On account of getting beaned, Vicki gets the rest of the day off from school, but her psychotic mother decrees that she must spend it confessing stuff to a priest in a pointless scene. That evening she has some more Mary Lou-related hallucinations, in case you haven't figured it out yet. Then her really fucking creepy rocking horse comes alive, unseen hands grope her under the sheets (or something), and her mirror turns into liquid in a gag straight from Evil Dead.

Well, that scene was pretty cool, but by this time the film's leisurely pace is starting to wear thin and you just want her to finish getting possessed and start killing people already. There are some more scenes that don't really add up to much. The priest tries to warn Bill (his former classmate) that Mary Lou is back and that "she can't touch me; I'm a priest," but Bill should be careful and find Jesus, but Bill's not having it. Meanwhile, Vicki complains to her boyfriend about the inconveniences of being possessed, and the mean girl convinces J.T. to rig the prom queen election via computer in exchange for sexual favors.

In an unrelated incident, Vicki slaps mean girl and gets sent to detention. Then, with some pretty cool effects, she gets sucked into the blackboard. She ends up in the basement/dress storage room, naked, and apparently this is the point where she's fully taken over by Mary Lou. Vicki Lou goes back to the priest for another confession, except this time she asks him to fuck her, then kills him. Apparently his crazy notion about being invincible due to his priestiness was inaccurate.

The next day, Vicki's classmates are confused because she's dressing anachronistically and being sassier than usual. J.T. is the only one who correctly assumes that it's because she's possessed. When Vicki Lou's chemistry teacher Mr. Craven (groan) gropes her, she blows the hair out of her face, causing something to ignite the teacher's crotch.

Next is the film's most famous (to me) scene. Vicki Lou and some girl get in a fight in the locker room. When the girl goes off to shower, Vicki Lou joins her and tries to make out with her. The girl gets creeped out and runs away, leading a very nude Vicki Lou to stalk her throughout the locker room while singing the Little Richard hit "Tutti Frutti" in a creepy way. When the girl hides in a locker, Vicki Lou uses her telekinetic powers to crush the locker that she's in like an aluminum can, causing what is presumably brain matter to sluice through the vents. Pretty gross. I actually saw this scene on television many years ago but didn't know what it was, and it left enough of an impression on me that I eventually decided to track down the whole movie.
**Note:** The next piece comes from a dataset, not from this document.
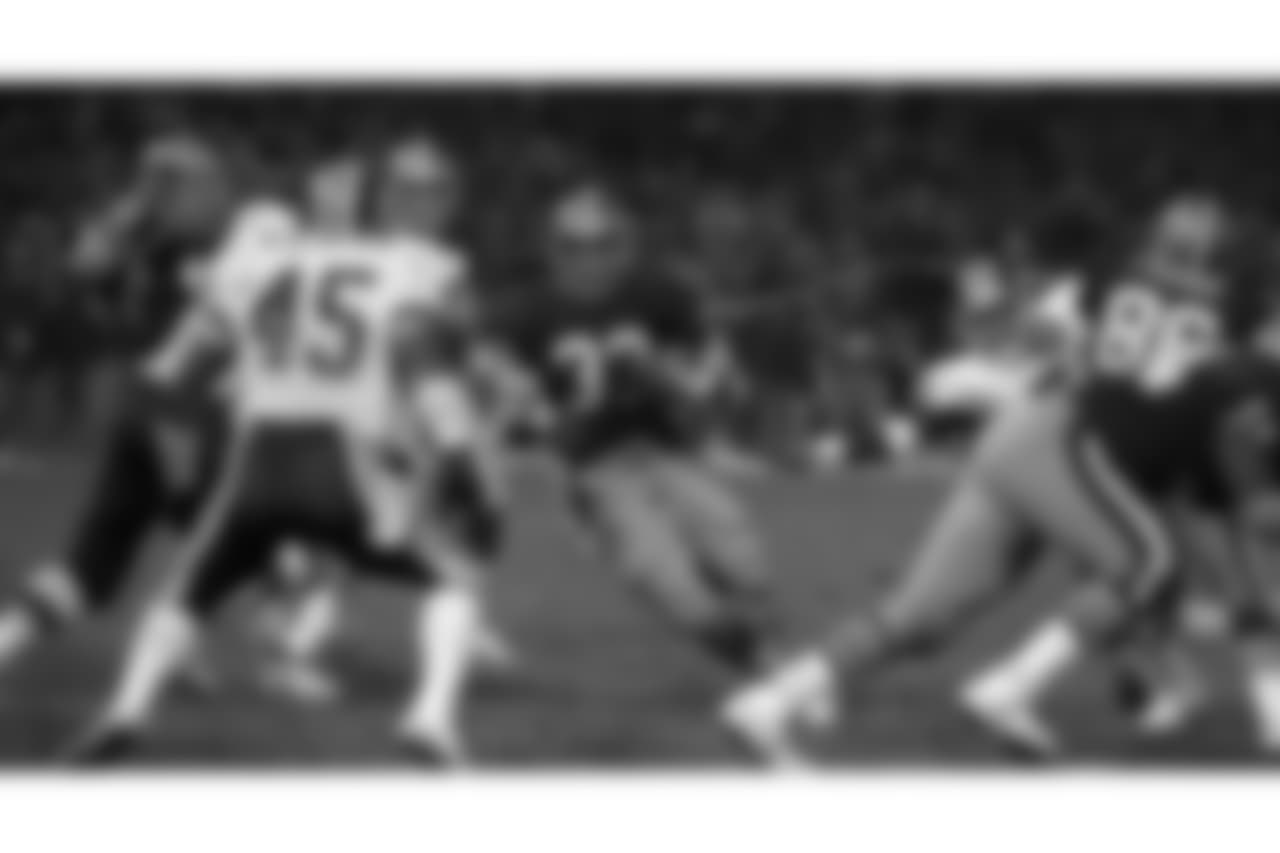 1988 -- 49ers running back Roger Craig.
Anyway, nothing can really top that scene, so I'm sorry to say it's pretty much all downhill from here. Vicki Lou comes to visit Bill and vaguely threatens his son, then goes home and makes out with Vicki's father, which unnerves her mother, whom she telekinetically pushes through the front door, possibly killing her but I'm not sure. Bill knocks his son unconscious with his own shoe, then goes to dig up Mary Lou's grave, but finds preacher-man buried in it instead. Why would Vicki Lou take the time to swap them out? How would she know that he would dig up the grave? It seems like a pretty random and stupid thing to do, but I guess maybe from having dated him, she knew that he was the kind of person who, upon finding out that the girl he killed was possessing his son's girlfriend, would go and dig up her corpse. That's pretty impressive forethought.

Next there's a weird scene where J.T. takes a picture of Vicki Lou at the prom and asks her if she's seen Monica, and she turns into a burst of white light. I have no idea what that's about, but it doesn't seem to affect anything, and the next time we see any of those characters they're just going about their business as usual. So, just ignore it, I guess.

J.T. goes to his secret nerd lab to hax0r the prom queen election results, as per his agreement with mean girl, who shows up and holds up her end of the bargain. Then she goes back to her date, who asks her if she has any more mints because her breath smells great. Gross. When J.T. changes the prom queen from Vicki to mean girl, Vicki Lou doesn't like it and electrocutes him through his computer.

After the most awkward possible reading of the line "Ladies and gentlemen, we're gonna pick the prom queen now," Vicki is announced as the winner. The mean girl is dismayed, and a guy asks her, "How'd you blow it?" See, because she blew that dude, get it? Meanwhile, Bill's son has recovered from the shoe attack and shows up at the school. Also meanwhile, Bill himself is up on the rafter above the stage as Vicki Lou is coronated. Is he going to recreate the stink bomb stunt and burn this girl alive too? As it turns out, no... he just shoots her. Just as his son arrives! But it's too late. She's dead.

But not really! The dessicated corpse of Mary Lou bursts out of Vicki's body (I guess that's where she put it after she took it out of the grave) and everything starts getting all Carrie on us. Oh, by the way, mean girl is randomly impaled with a neon light, so don't worry, she got her comeuppance for being mildly rude. Mary Lou makes a bunch of lights and stuff explode, and I guess this gives her energy and restores her body to mostly non-dessicated status. It also gives her voice a lot of reverb.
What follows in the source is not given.